Futebol como meio de inclusão social
Para um país como o Brasil, que se caracteriza por particularidades sociais históricas, sobretudo uma desigualdade gritante e grandes proporções de pobreza, o esporte sempre representou uma chance especial para os jovens se motivarem para se desenvolverem e atingirem novos patamares.
Em uma conversa com a Sputnik Brasil, o representante da embaixada brasileira em Moscou, o terceiro secretário Paulo Cesar do Valle Torres, manifestou que o futebol, certamente, é uma importantíssima ferramenta de inclusão social no país.
"Fico muito contente que esse evento ocorra aqui, na Rússia, faltando menos de um ano para a Copa do Mundo. […] Sobretudo, há uma dimensão social do esporte e de futebol que é a questão de inclusão dessas crianças, dessas meninas e meninos que praticam o esporte no Brasil. Futebol é um grande expoente da democracia no Brasil, um grande possibilitador, catalizador de ascensão social. Até quando a gente olha para os grandes jogadores brasileiros, em geral eles têm uma origem muito humilde", manifestou.

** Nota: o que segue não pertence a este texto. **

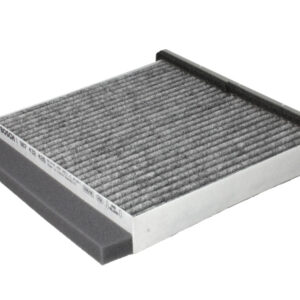 Filtru habitaclu BOSCH 1 987 432 426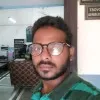 Md Khalid Hussain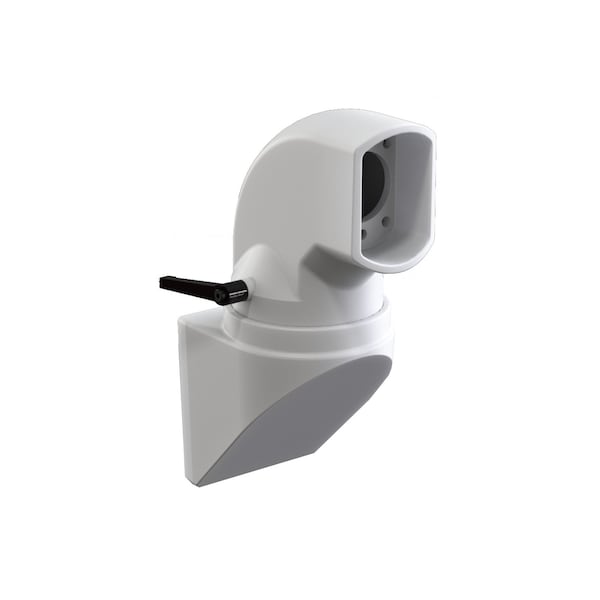 Wall Hinge , 230 Swivel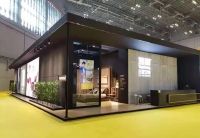 【盘点2019】顶固全屋定制十大事记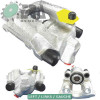 ERA Benelux BC52702 - Bremssattel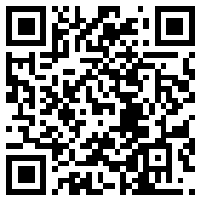 QR Code for bitcoin:bitcoin:3FMcaJfA3TvkaUaZ7gvkXT6Ttk2cPZxpm9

Assim, não se trata apenas de futebol, sublinhou o diplomata. Vale relembrar, por exemplo, a história sensacional da judoca Rafaela Silva que, saindo da favela Cidade de Deus, conseguiu se tornar a primeira campeã mundial de judô feminino brasileiro, conquistando ainda um título olímpico nas Olimpíadas do Rio de 2016.
"É muito bacana, é uma das grandes ferramentas, grandes 'assets' do Brasil, sinceramente. […] O futebol, além de ser esse possibilitador de ascensão social, é um esporte muito democrático. Às vezes você não precisa nem de uma bola de futebol. […] Às vezes é com bola de meia, pode ser bola de capotão, tem vários tipos", contou o diplomata, confessando que ele próprio recebeu uma bola de meia do seu avô com 7 anos da idade, e até a levou para a Rússia "de estimação".
O representante da embaixada também expressou a esperança que toda a infraestrutura olímpica que se gerou no Brasil continue a florescer e a ajudar os jovens atletas a crescer.
E, na verdade, para estas garotas que deram show em um dos maiores complexos esportivos de Moscou, em 26 e 27 de outubro, o futebol é tudo. Falando com a Sputnik Brasil, algumas das craques mais eminentes da equipe — Rebecca, Ana Carolina e Jessica — revelaram sua paixão eterna por essa modalidade que as faz sentir alheias a todas as dificuldades.
"Futebol para mim é tudo, porque quando eu estou jogando futebol, esqueço dos problemas, da guerra que está por aí. Tornar jogadora de futebol, claro, é nosso sonho, e nunca [se pode] desistir do nosso sonho, porque tudo é possível", contou Jessica.
Ao falar da sua paixão, o olhar das meninas diz tudo por si só — não é apenas um hobby, mas já virou o sentido da vida.
"Futebol para mim é tudo, porque dentro do campo, onde a gente esquece dos problemas, isso faz bem à gente. Porque por mais que a gente tenha guerra por fora de campo, é um momento para a gente se distrair, focar somente naquilo. E o nosso sonho, de todas, é virar jogadora. Independentemente do que os outros falam, do preconceito da menina não poder jogar futebol, a gente levanta a cabeça e continua seguindo em frente, porque desistir não é o foco", manifestou outra craque, Ana Carolina.